#### PROVIDED ENTRIES ####
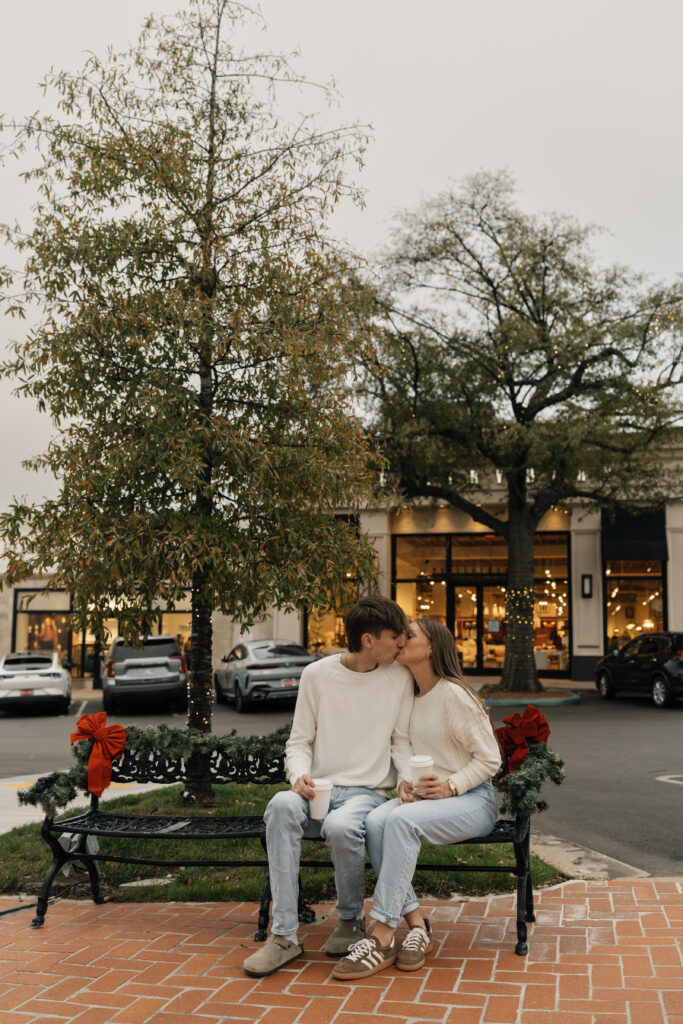 ouple sitting on festive bench under twinkling lights in Utica Square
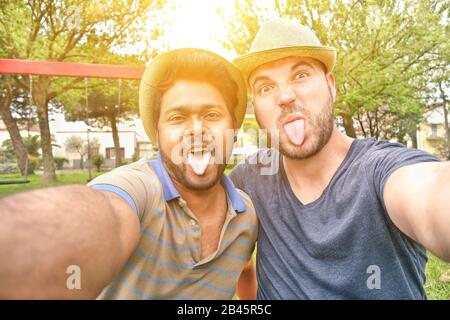 Due migliori amici multirazziali che prendono selfie con la macchina fotografica del telefono mobile - gente multi etnica giovane che ha divertimento che fa i volti divertenti - amicizia interracial Foto Stock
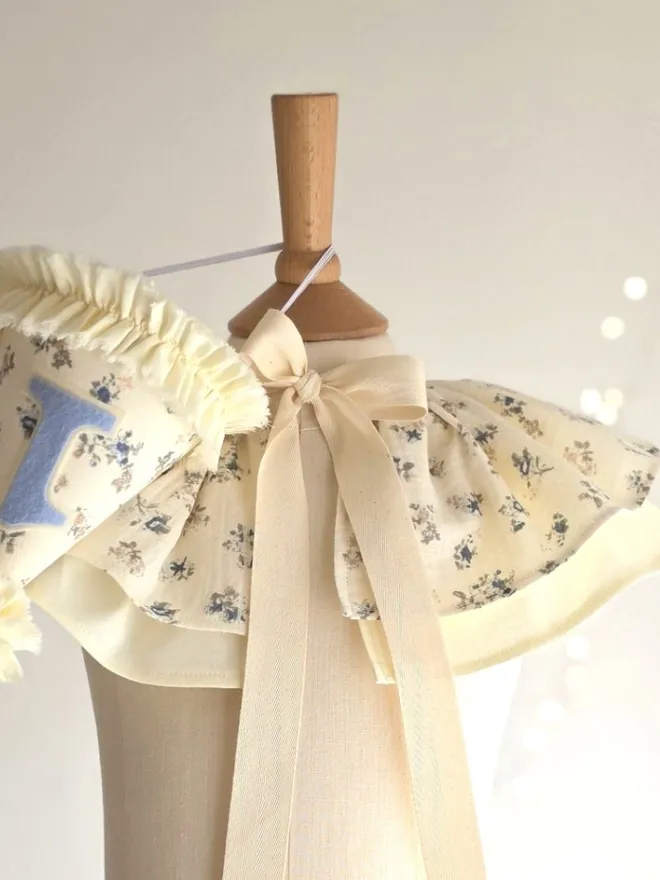 Vintage-inspired floral birthday cape and party hat set in soft vanilla cotton with delicate blue ditsy flowers.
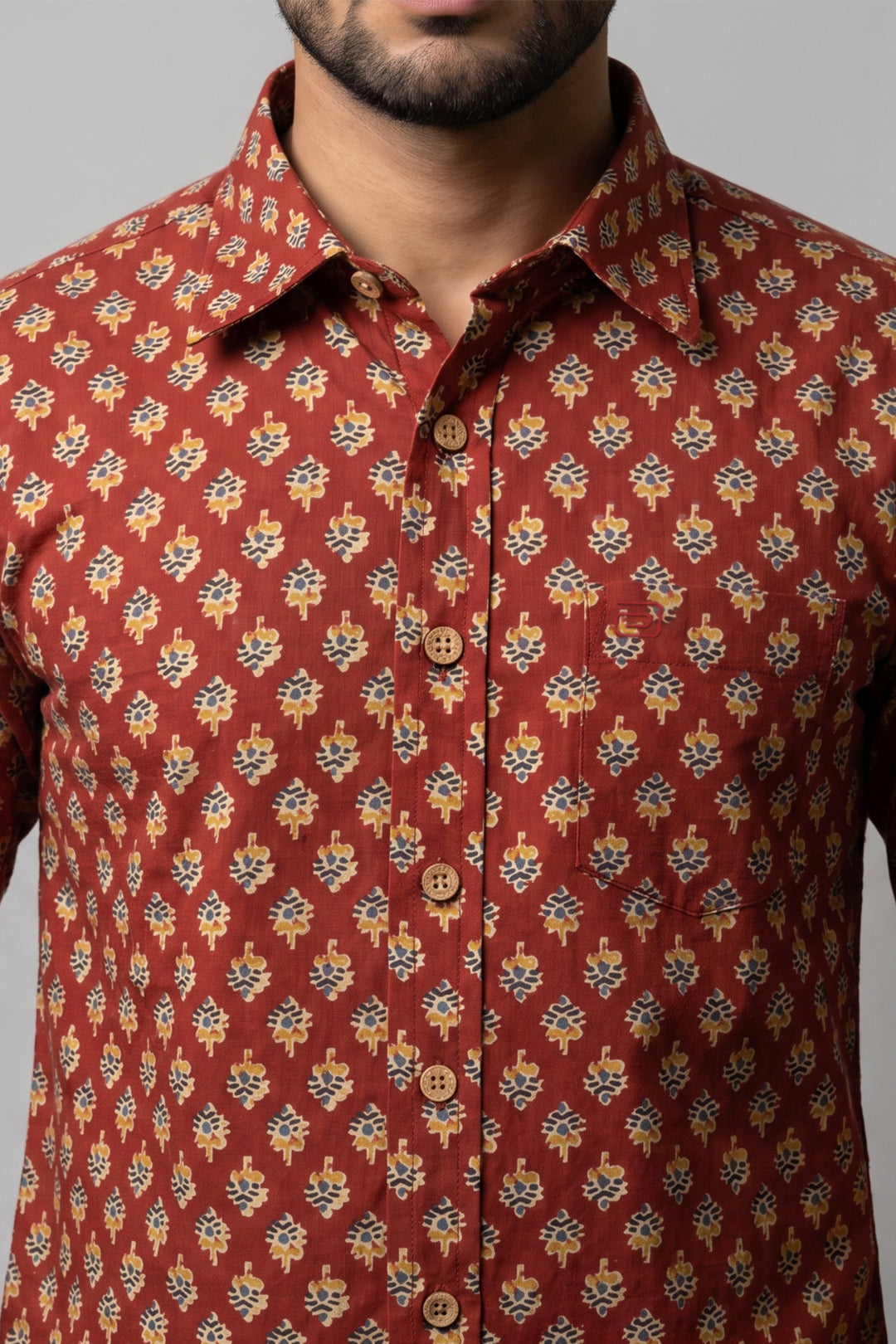 A close-up of a man wearing a rust-red button-up shirt with a repeating yellow, blue, and white floral pattern.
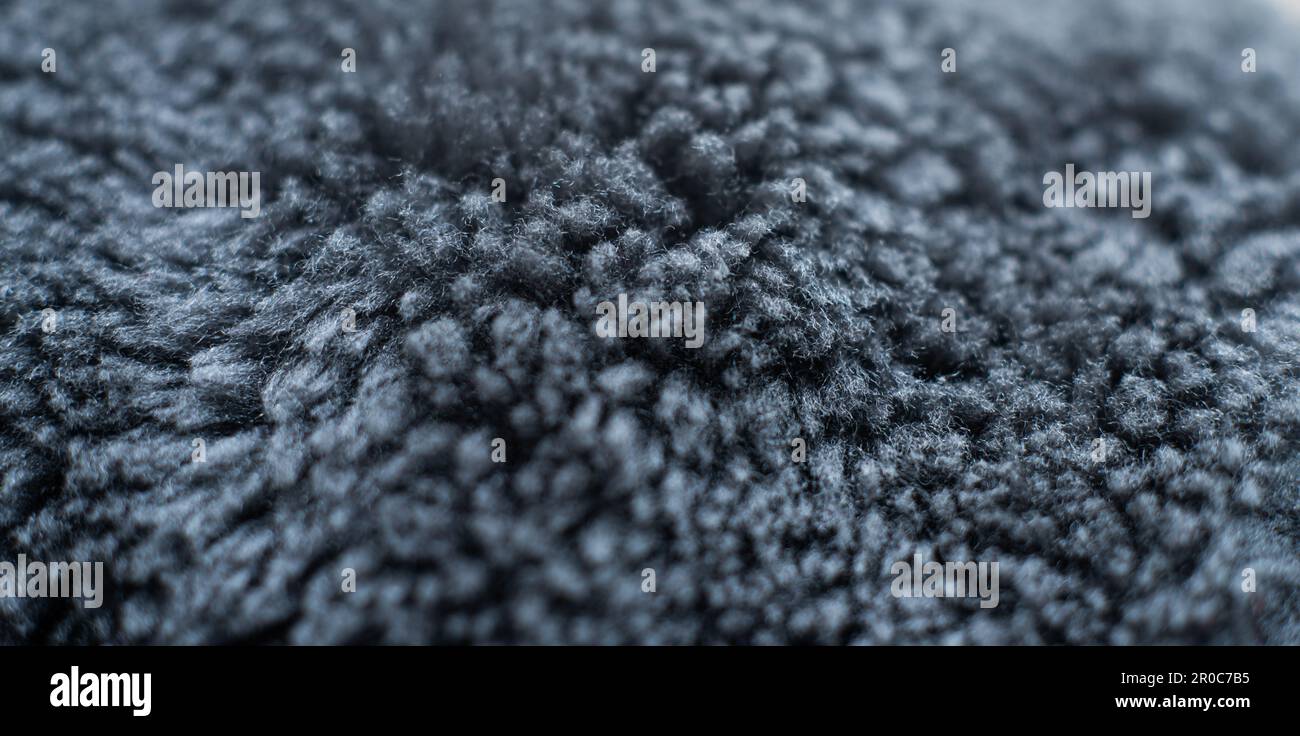 Primo piano di tessuto in pelliccia di lana di colore grigio Foto Stock
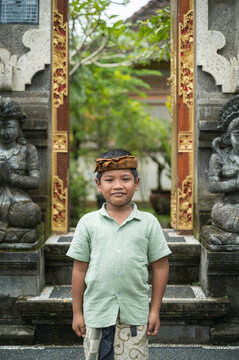 Balinese boy at traditional temple entrance in Indonesia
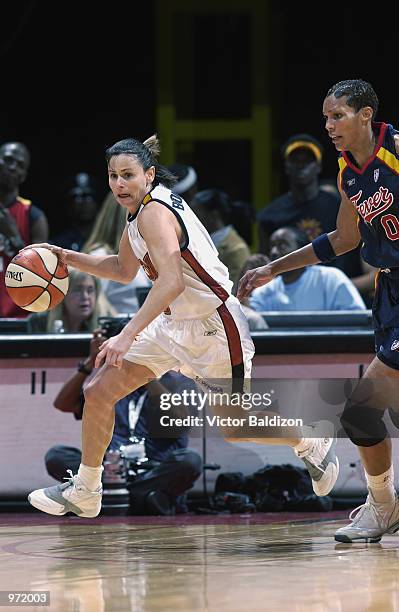 Sandy Brondello of the Miami Sol drives past Olympia Scott-Richardson of the Indiana Fever during the game on June 30, 2002 at American Airlines...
####
EXERCISE DESCRIPTION —
Please output all of the data exactly as given, omitting any images it holds.

FINAL ANSWER —
 ouple sitting on festive bench under twinkling lights in Utica Square
 Due migliori amici multirazziali che prendono selfie con la macchina fotografica del telefono mobile - gente multi etnica giovane che ha divertimento che fa i volti divertenti - amicizia interracial Foto Stock
 Vintage-inspired floral birthday cape and party hat set in soft vanilla cotton with delicate blue ditsy flowers.
 A close-up of a man wearing a rust-red button-up shirt with a repeating yellow, blue, and white floral pattern.
 Primo piano di tessuto in pelliccia di lana di colore grigio Foto Stock
 Balinese boy at traditional temple entrance in Indonesia
 Sandy Brondello of the Miami Sol drives past Olympia Scott-Richardson of the Indiana Fever during the game on June 30, 2002 at American Airlines...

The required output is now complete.